渦中の”バナナ男”が事件について弁解。「実際にコートで起きていたことをみんな知らない」

誉田優

2020.01.23

一回戦の杉田との試合中にバナナを食べるベンシェトリ。自ら剥いて食べるも、どこか不服そうな様子だった。写真=山崎賢人(THE DIGEST写真部)

一回戦の杉田との試合中にバナナを食べるベンシェトリ。自ら剥いて食べるも、どこか不服そうな様子だった。写真=山崎賢人(THE DIGEST写真部)

 現在開催中の全豪オープンで、『バナナ男』としてネットを中心に批判が集中しているフランスの世界231位エリオット・ベンシェトリが、今回の事件について弁解しているようだ。

 事件というのは、全豪オープンの予選での出来事。あと1試合勝てば本戦出場という試合で、ベンシェトリがボールガールに向かってバナナを剥くように依頼。それを見た主審が、ベンシェトリの行為をとがめ、しぶしぶ自ら剥くことになったのだが、その際の動画がSNSで公開され、ネット上で大きな批判の渦となっているのだ。

 現地の報道によると、ベンシェトリは「最終セット6-5になった時に、手に制汗クリームを塗った。だからボールガールにバナナを剥いてもらうように頼んだんだ」としており、理由あってのことだと主張。

 また「ボールガールには、試合序盤にも1度同じことをしてもらっていた。けれど2度目には審判が割って入ってきて『彼女は奴隷じゃない、自分で剥くように』と言ってきたんだ」「審判に言われたことが信じられなかった。実際にコートで起きていたことをみんなが知らないまま、SNSでコントロール不能な状況になっていることにも驚いているよ」とした。
 
 事実、SNSでは多くの批判の声が寄せられており、中にはテニス界のレジェンドであるマルチナ・ナブラチロワなど著名人の声も。それら批判に対しベンシェトリは「とても優しく頼んだんだ」「たった10秒の動画だけで判断しないでくれ」などと反論しているが、誰も聞き入れてくれない様子だ。

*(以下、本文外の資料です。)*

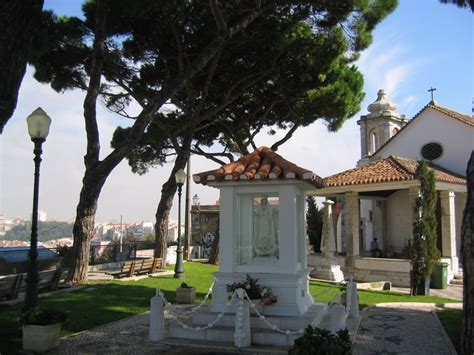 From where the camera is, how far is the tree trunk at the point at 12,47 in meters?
5.47

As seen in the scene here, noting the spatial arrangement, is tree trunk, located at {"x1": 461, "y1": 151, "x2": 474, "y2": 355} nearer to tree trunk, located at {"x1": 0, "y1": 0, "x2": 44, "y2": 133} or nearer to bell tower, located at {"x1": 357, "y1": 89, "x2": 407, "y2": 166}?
tree trunk, located at {"x1": 0, "y1": 0, "x2": 44, "y2": 133}

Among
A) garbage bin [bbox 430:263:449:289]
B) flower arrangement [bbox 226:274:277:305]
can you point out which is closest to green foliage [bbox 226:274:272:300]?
flower arrangement [bbox 226:274:277:305]

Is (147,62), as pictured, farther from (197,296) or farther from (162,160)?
(197,296)

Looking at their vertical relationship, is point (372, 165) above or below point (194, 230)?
above

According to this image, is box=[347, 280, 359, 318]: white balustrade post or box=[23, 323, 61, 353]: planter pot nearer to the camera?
box=[23, 323, 61, 353]: planter pot

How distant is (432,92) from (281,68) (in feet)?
42.6

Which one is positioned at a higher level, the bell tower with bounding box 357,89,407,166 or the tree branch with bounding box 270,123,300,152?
the bell tower with bounding box 357,89,407,166

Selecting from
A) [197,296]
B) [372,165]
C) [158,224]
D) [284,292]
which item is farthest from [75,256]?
[372,165]

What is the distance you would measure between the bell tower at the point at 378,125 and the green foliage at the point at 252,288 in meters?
22.6

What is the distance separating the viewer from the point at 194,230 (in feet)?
115

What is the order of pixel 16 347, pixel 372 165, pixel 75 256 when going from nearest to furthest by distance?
pixel 16 347
pixel 75 256
pixel 372 165

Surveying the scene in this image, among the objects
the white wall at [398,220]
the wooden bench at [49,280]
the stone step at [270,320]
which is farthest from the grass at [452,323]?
the white wall at [398,220]

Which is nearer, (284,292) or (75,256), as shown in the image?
(284,292)

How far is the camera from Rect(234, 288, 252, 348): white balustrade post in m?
7.13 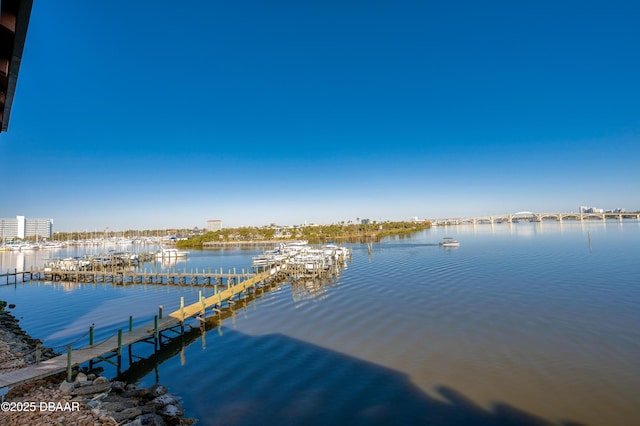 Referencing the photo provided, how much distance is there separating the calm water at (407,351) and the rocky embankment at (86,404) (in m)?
1.06

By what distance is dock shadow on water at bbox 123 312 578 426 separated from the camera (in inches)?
430

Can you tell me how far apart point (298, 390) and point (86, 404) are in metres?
7.28

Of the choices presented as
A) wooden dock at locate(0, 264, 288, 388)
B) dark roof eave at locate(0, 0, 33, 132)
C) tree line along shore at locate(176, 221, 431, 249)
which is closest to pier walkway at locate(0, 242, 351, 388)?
wooden dock at locate(0, 264, 288, 388)

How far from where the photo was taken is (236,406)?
38.8 ft

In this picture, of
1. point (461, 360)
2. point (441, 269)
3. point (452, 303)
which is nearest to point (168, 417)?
point (461, 360)

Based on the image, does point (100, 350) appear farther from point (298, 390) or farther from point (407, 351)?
point (407, 351)

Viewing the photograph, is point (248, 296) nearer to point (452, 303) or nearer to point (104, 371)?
point (104, 371)

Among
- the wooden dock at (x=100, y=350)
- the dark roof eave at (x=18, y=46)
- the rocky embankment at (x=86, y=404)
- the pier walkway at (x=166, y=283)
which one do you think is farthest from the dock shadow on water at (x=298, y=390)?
the dark roof eave at (x=18, y=46)

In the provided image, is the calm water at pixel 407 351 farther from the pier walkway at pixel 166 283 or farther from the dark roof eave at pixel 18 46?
the dark roof eave at pixel 18 46

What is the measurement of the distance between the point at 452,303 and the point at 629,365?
11.2 meters

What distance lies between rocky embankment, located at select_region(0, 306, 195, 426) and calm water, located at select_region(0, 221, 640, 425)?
106cm

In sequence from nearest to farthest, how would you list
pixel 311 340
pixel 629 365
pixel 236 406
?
pixel 236 406 → pixel 629 365 → pixel 311 340

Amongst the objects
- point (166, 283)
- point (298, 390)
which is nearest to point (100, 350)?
point (298, 390)

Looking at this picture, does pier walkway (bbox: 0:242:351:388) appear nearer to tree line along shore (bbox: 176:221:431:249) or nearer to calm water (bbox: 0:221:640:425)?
calm water (bbox: 0:221:640:425) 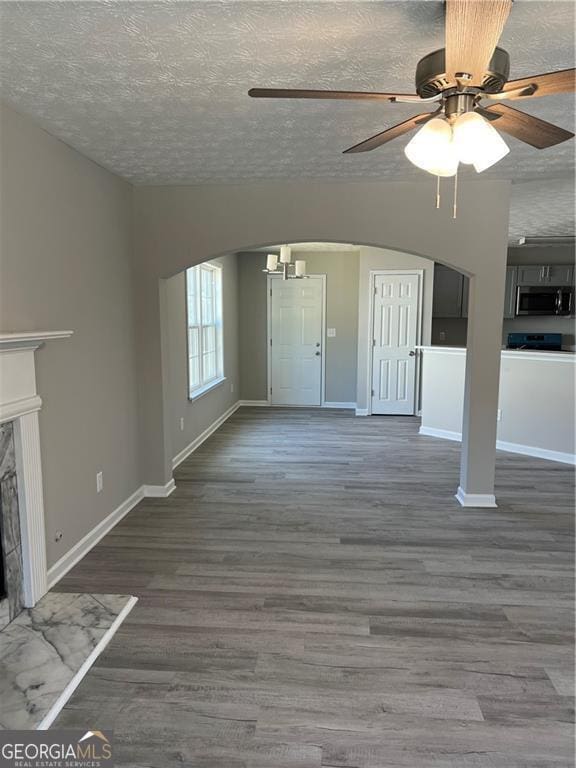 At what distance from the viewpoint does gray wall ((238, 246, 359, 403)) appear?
738 centimetres

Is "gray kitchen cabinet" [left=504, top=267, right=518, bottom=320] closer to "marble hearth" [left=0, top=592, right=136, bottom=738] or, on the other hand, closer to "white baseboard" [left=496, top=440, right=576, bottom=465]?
"white baseboard" [left=496, top=440, right=576, bottom=465]

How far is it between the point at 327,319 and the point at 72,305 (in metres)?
5.04

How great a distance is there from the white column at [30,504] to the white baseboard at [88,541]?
0.17 m

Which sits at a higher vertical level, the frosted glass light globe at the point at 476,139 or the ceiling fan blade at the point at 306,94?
the ceiling fan blade at the point at 306,94

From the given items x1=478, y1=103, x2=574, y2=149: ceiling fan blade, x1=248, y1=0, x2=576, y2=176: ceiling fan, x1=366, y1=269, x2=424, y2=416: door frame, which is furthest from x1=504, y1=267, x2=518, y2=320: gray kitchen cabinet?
x1=248, y1=0, x2=576, y2=176: ceiling fan

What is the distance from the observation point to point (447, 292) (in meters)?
7.44

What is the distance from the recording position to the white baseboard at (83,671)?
1.79 m

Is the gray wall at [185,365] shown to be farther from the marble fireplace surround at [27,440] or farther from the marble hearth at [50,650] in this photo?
the marble hearth at [50,650]

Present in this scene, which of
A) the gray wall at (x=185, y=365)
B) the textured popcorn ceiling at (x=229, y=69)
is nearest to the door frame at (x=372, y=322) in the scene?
the gray wall at (x=185, y=365)

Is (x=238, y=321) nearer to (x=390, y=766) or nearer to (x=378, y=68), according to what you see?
(x=378, y=68)

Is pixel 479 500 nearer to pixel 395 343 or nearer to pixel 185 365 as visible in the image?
pixel 185 365

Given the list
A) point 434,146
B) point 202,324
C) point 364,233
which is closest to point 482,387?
point 364,233

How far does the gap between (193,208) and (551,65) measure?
250cm

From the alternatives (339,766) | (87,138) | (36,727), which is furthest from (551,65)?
(36,727) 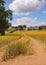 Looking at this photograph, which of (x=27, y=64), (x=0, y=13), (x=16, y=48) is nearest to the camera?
Result: (x=27, y=64)

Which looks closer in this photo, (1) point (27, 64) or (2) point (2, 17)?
(1) point (27, 64)

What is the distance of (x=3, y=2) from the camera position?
220ft

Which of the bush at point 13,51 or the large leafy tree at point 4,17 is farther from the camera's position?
the large leafy tree at point 4,17

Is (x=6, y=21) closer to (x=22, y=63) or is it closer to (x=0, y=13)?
(x=0, y=13)

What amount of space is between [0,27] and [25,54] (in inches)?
1897

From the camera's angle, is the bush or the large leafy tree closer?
the bush

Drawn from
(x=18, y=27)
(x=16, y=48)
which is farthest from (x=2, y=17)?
(x=18, y=27)

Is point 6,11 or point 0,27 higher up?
point 6,11

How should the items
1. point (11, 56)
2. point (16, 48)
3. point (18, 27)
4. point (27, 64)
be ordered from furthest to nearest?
point (18, 27) < point (16, 48) < point (11, 56) < point (27, 64)

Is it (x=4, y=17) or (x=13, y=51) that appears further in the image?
(x=4, y=17)

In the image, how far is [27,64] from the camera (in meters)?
13.1

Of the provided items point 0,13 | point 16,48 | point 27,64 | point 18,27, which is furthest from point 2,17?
point 18,27

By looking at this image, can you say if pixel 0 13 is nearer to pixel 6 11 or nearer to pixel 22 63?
pixel 6 11

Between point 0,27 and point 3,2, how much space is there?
7826 mm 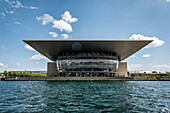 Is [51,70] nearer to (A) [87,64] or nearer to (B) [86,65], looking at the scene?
(B) [86,65]

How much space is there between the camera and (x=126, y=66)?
2188 inches

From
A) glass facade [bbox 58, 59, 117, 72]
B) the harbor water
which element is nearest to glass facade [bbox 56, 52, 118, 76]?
glass facade [bbox 58, 59, 117, 72]

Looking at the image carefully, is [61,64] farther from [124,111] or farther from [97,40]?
[124,111]

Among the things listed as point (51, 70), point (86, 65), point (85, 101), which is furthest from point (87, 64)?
point (85, 101)

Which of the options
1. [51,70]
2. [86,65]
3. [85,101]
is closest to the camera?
[85,101]

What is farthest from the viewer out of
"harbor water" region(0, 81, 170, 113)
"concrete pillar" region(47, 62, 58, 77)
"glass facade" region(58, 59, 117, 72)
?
"concrete pillar" region(47, 62, 58, 77)

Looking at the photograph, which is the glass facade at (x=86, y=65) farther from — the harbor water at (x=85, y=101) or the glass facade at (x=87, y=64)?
the harbor water at (x=85, y=101)

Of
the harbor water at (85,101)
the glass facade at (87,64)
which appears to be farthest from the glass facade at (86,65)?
the harbor water at (85,101)

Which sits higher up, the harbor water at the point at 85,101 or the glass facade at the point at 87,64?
the glass facade at the point at 87,64

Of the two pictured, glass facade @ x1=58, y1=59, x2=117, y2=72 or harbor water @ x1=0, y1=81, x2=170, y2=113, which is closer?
harbor water @ x1=0, y1=81, x2=170, y2=113

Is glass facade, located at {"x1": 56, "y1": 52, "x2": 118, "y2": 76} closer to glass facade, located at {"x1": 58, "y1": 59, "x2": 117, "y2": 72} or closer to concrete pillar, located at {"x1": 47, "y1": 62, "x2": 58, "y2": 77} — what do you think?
glass facade, located at {"x1": 58, "y1": 59, "x2": 117, "y2": 72}

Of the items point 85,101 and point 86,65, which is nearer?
point 85,101

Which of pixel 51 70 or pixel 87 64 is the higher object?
pixel 87 64

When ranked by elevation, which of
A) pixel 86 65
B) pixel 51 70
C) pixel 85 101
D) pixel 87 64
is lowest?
pixel 85 101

 なお、彼はその後、予選を勝ち抜き本戦へと進出したが、1回戦で日本の杉田祐一に敗れ、後味の悪いまま全豪オープンを後にした。

 2018年には、スペインのフェルナンド・ベルダスコが、深センオープンにてボールキッズに対して暴言を吐いたことで非難され、一部大会ではボールキッズが選手のタオルを持って走り回ることがないよう、コートにタオルボックスを設けるなど、ボールキッズの扱いにも注目が集まっている。

 ATPとWTAではスポーツマンシップ賞が設けられ、毎年、スポーツマンシップを発揮した選手が表彰されているが、表彰されないからといって、スポーツマンシップを欠いて良いということではない。

 今一度、スポーツマンシップとは何たるかを考え直す必要があるのではないだろうか。

文●誉田優
フリーライター。早稲田大学スポーツ科学部卒業。